The Large-N Limit of PT-Symmetric O(N) Models

TL;DR

This paper investigates a PT-symmetric O(N) quantum model, revealing two large-N phases separated by a first-order transition, with all quantum states bound despite classical escape trajectories.

Contribution

It demonstrates the existence of two distinct large-N phases in a PT-symmetric O(N) model and characterizes the phase transition and spectral properties.

Findings

Quantum spectrum consists only of bound states for all N.

Two large-N phases with different scaling behaviors.
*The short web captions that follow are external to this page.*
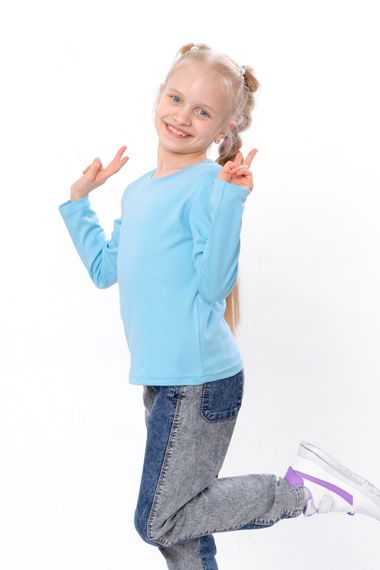 Джемпер для дівчинки Носи своє 110 Блакитний (p-6677-158705)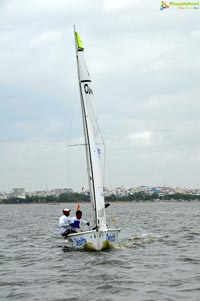 4th Monsoon Regatta Sailing Championship at Hussainsagar, Hyderabad Day 1 Photos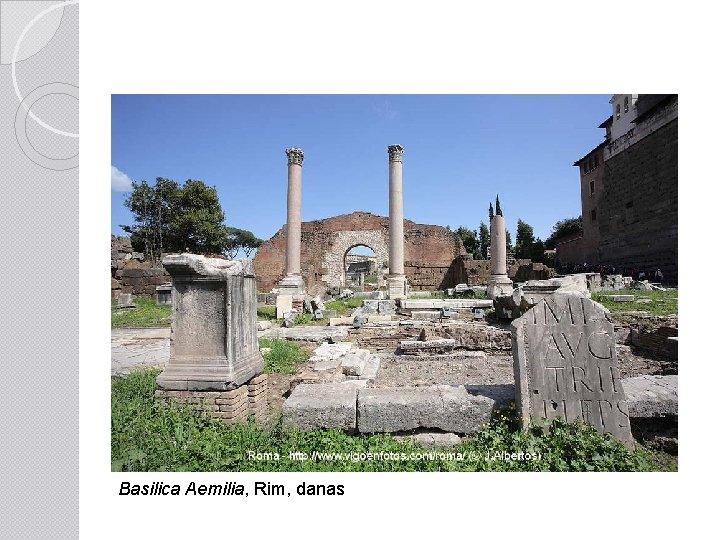 Basilica Aemilia, Rim, danas 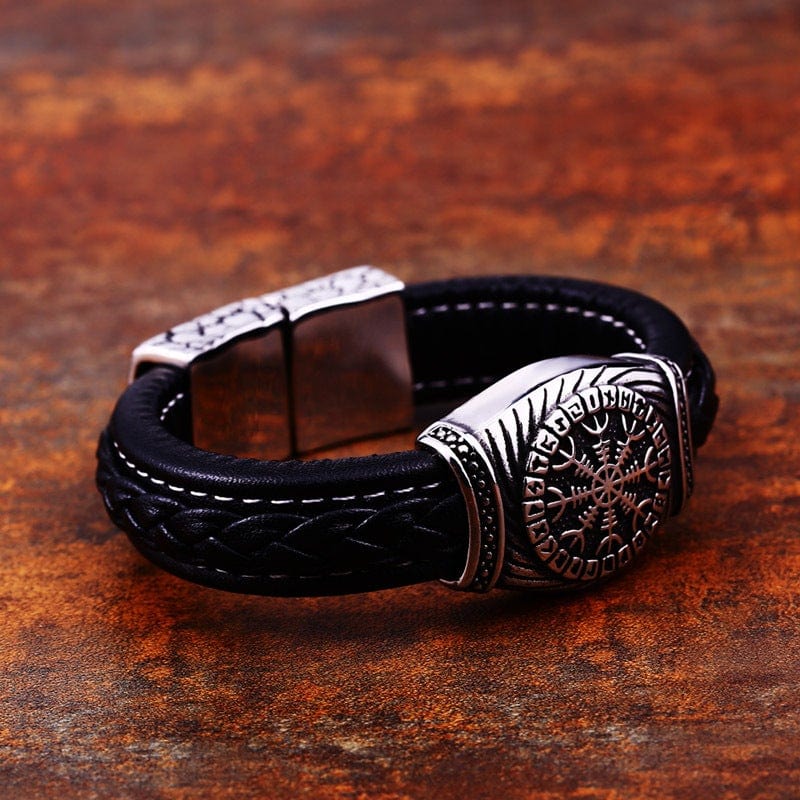 Men's Punk Viking Letter Carved Bracelet - Image 4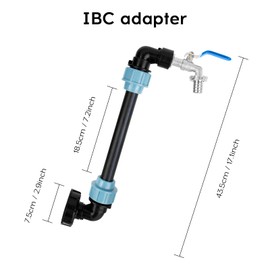 XCRPRT IBC Adapter with Gooseneck Brass Tap, S60 x 6 Tap Stopcock, 3/4 Inch for 1000 L Rainwater Tank, IBC Tank Accessories for Rainwater Tank, Water Barrel, IBC Container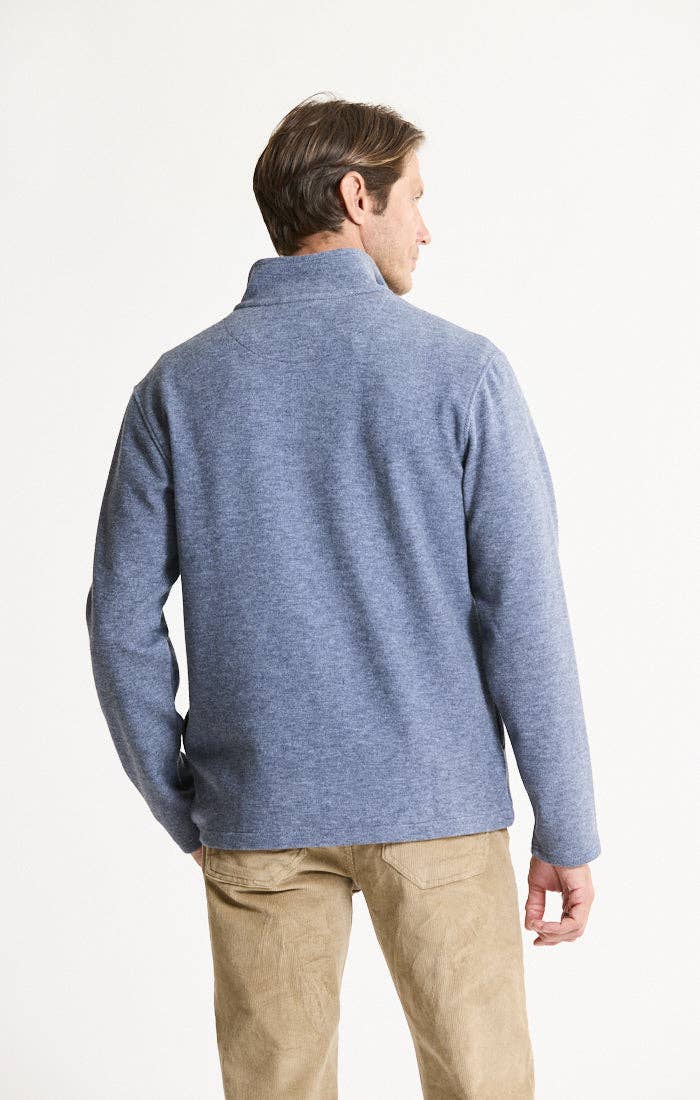 Heathered Knit Full-Zip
First-order phase transition at a specific critical parameter.

Abstract

We study a $PT$-symmetric quantum mechanical model with an O(N)-symmetric potential of the form $m^{2}\vec{x}^{2}/2-g(\vec{x}^{2})^{2}/N$ using its equivalent Hermitian form. Although the corresponding classical model has finite-energy trajectories that escape to infinity, the spectrum of the quantum theory is proven to consist only of bound states for all $N$. We show that the model has two distinct phases in the large-$N$ limit, with different scaling behaviors as $N$ goes to infinity. The two phases are separated by a first-order phase transition at a critical value of the dimensionless parameter $m^{2}/g^{2/3}$, given by $3\cdot2^{1/3}$.